Verbraucherschützerin über vernetzte Pkw: „Mobilitätsdaten sind ein Schatz“
Schon beim Autofahren hinterlässt man Datenspuren. Was das für das autonome Fahren heißt, erklärt die Verbraucherschützerin Marion Jungbluth.
taz: Wer sich in den letzten Jahren ein Auto gekauft hat oder ein Carsharing-Fahrzeug nutzt, hinterlässt haufenweise Datenspuren – vom Fahrstil bis zur Sitzeinstellung. Wem gehören diese Daten?
Marion Jungbluth: Das lässt sich gar nicht so sagen, schließlich sind Daten nicht etwas wie eine Bohrmaschine, die einem gehört und die man verleihen oder verkaufen kann – oder auch nicht. Die Frage ist eher: Wer hat die Hoheit über diese Daten? Und das sollten die Verbraucherinnen und Verbraucher sein.

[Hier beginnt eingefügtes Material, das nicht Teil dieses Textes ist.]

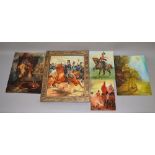 5 Oil on board mostly war related paintings by Westwood, R. D. 4 unframed, one framed.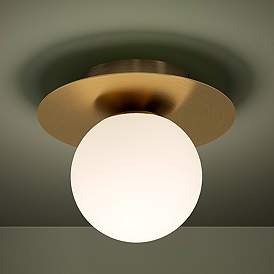 Image1 of Eglo Arenales 10.8" Wide Brushed Brass Modern Globe Ceiling Light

In der Praxis haben heute aber die Fahrzeughersteller darauf Zugriff und sammeln die Daten.
Ja, das ist problematisch. Verbraucher:innen müssen immer selbst über eine Weitergabe entscheiden können. Das kann heißen, dass die Daten für die Sitzeinstellung, die etwa darüber Aufschluss geben, ob unterschiedliche Menschen gefahren sind, im Auto gespeichert werden, aber nicht automatisch weitergegeben werden dürfen. Auch nicht an den Hersteller. Andererseits kann jemand Daten freiwillig weitergeben, etwa, wer gerne einen Versicherungstarif nutzen will, der einen bestimmten Fahrstil belohnt.
Die Hersteller haben aber kein Interesse, auf diese Daten zu verzichten. Was muss sich ändern?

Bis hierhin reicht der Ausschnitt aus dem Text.